**Data block:**

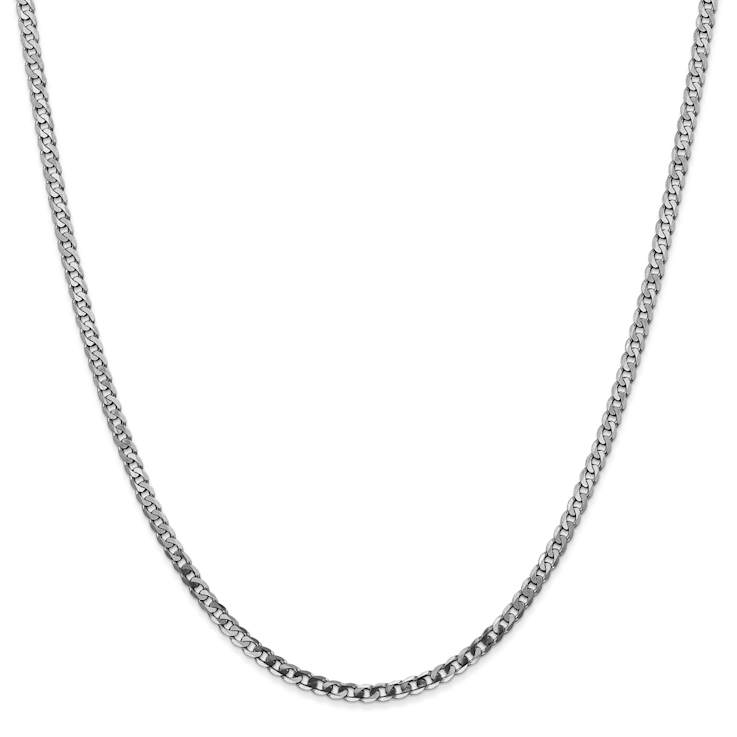 Rhodium Over 14k White Gold 2.9mm Solid Flat Beveled Curb Link 18 Inch Chain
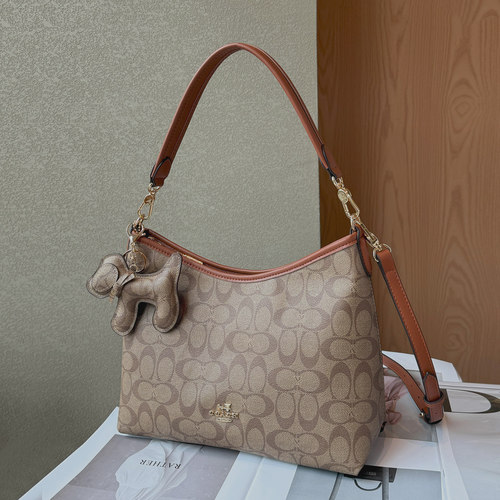 品牌女包高级感真皮腋下包老花斜挎包2025新款通勤百搭单肩托特包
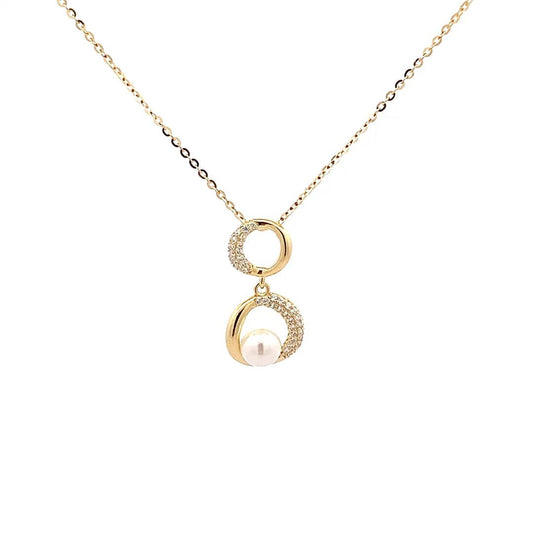 Elegant Pearl Pendant Chain (Pure Silver) - Gold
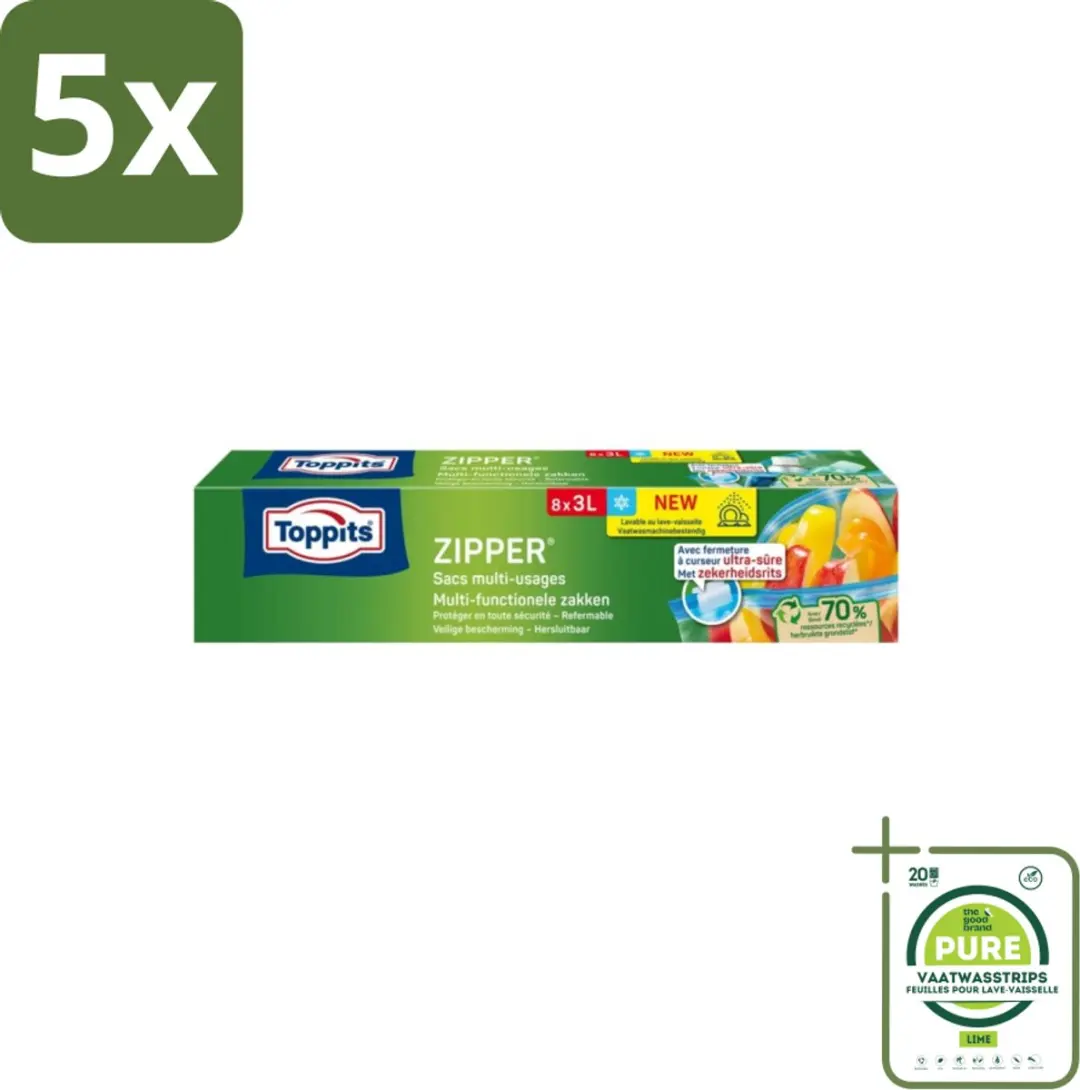 Toppits Zipper Multifunctionele Zakken 3L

**What to produce:** Skip the pictures. Return exactly the lines from the one containing "Elegant Pearl Pendant" through the end of the data above, both included, and nothing besides.

**Answer area:**
 Elegant Pearl Pendant Chain (Pure Silver) - Gold
 Toppits Zipper Multifunctionele Zakken 3L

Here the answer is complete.